TO DO: Can you give all the records again without altering a single character?

──────── INFORMATION GIVEN

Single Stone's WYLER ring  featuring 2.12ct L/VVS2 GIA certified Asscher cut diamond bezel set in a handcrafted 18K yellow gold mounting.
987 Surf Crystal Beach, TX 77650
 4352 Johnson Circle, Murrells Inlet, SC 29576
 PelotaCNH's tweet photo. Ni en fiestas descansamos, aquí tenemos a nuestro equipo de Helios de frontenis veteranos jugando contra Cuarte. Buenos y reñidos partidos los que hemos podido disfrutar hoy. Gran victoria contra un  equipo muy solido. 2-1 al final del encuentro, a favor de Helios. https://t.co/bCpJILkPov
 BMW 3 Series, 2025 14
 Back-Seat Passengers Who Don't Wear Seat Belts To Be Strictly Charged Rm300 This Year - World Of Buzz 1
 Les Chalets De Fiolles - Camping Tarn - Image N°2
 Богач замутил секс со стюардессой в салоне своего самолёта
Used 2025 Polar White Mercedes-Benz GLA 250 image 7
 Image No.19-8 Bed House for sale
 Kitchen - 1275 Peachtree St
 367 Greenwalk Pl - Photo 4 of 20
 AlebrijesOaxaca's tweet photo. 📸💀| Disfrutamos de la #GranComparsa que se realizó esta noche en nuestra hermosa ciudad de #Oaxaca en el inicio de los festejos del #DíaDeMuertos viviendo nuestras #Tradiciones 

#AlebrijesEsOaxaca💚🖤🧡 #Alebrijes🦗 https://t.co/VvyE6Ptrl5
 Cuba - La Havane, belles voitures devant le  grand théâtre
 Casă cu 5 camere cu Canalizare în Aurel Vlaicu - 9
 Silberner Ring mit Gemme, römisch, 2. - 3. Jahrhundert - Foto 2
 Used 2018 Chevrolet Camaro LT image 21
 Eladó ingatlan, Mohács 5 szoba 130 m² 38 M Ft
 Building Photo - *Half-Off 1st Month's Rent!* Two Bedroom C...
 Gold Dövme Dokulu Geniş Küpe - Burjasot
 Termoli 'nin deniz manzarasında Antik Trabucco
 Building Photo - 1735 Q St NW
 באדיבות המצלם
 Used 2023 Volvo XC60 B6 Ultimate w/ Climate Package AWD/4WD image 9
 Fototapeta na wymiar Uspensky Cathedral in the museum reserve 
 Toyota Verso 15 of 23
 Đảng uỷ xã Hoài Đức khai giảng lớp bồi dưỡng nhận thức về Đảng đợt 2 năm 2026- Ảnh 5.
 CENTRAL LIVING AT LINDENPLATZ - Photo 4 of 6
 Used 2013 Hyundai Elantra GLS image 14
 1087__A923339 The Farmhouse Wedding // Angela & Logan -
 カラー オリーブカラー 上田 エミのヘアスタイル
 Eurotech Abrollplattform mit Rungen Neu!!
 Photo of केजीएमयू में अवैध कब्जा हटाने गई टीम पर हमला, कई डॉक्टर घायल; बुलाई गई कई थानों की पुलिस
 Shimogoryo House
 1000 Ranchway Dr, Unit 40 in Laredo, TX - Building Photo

────────────────

TASK SOLUTION:
Single Stone's WYLER ring  featuring 2.12ct L/VVS2 GIA certified Asscher cut diamond bezel set in a handcrafted 18K yellow gold mounting.
987 Surf Crystal Beach, TX 77650
 4352 Johnson Circle, Murrells Inlet, SC 29576
 PelotaCNH's tweet photo. Ni en fiestas descansamos, aquí tenemos a nuestro equipo de Helios de frontenis veteranos jugando contra Cuarte. Buenos y reñidos partidos los que hemos podido disfrutar hoy. Gran victoria contra un  equipo muy solido. 2-1 al final del encuentro, a favor de Helios. https://t.co/bCpJILkPov
 BMW 3 Series, 2025 14
 Back-Seat Passengers Who Don't Wear Seat Belts To Be Strictly Charged Rm300 This Year - World Of Buzz 1
 Les Chalets De Fiolles - Camping Tarn - Image N°2
 Богач замутил секс со стюардессой в салоне своего самолёта
Used 2025 Polar White Mercedes-Benz GLA 250 image 7
 Image No.19-8 Bed House for sale
 Kitchen - 1275 Peachtree St
 367 Greenwalk Pl - Photo 4 of 20
 AlebrijesOaxaca's tweet photo. 📸💀| Disfrutamos de la #GranComparsa que se realizó esta noche en nuestra hermosa ciudad de #Oaxaca en el inicio de los festejos del #DíaDeMuertos viviendo nuestras #Tradiciones 

#AlebrijesEsOaxaca💚🖤🧡 #Alebrijes🦗 https://t.co/VvyE6Ptrl5
 Cuba - La Havane, belles voitures devant le  grand théâtre
 Casă cu 5 camere cu Canalizare în Aurel Vlaicu - 9
 Silberner Ring mit Gemme, römisch, 2. - 3. Jahrhundert - Foto 2
 Used 2018 Chevrolet Camaro LT image 21
 Eladó ingatlan, Mohács 5 szoba 130 m² 38 M Ft
 Building Photo - *Half-Off 1st Month's Rent!* Two Bedroom C...
 Gold Dövme Dokulu Geniş Küpe - Burjasot
 Termoli 'nin deniz manzarasında Antik Trabucco
 Building Photo - 1735 Q St NW
 באדיבות המצלם
 Used 2023 Volvo XC60 B6 Ultimate w/ Climate Package AWD/4WD image 9
 Fototapeta na wymiar Uspensky Cathedral in the museum reserve 
 Toyota Verso 15 of 23
 Đảng uỷ xã Hoài Đức khai giảng lớp bồi dưỡng nhận thức về Đảng đợt 2 năm 2026- Ảnh 5.
 CENTRAL LIVING AT LINDENPLATZ - Photo 4 of 6
 Used 2013 Hyundai Elantra GLS image 14
 1087__A923339 The Farmhouse Wedding // Angela & Logan -
 カラー オリーブカラー 上田 エミのヘアスタイル
 Eurotech Abrollplattform mit Rungen Neu!!
 Photo of केजीएमयू में अवैध कब्जा हटाने गई टीम पर हमला, कई डॉक्टर घायल; बुलाई गई कई थानों की पुलिस
 Shimogoryo House
 1000 Ranchway Dr, Unit 40 in Laredo, TX - Building Photo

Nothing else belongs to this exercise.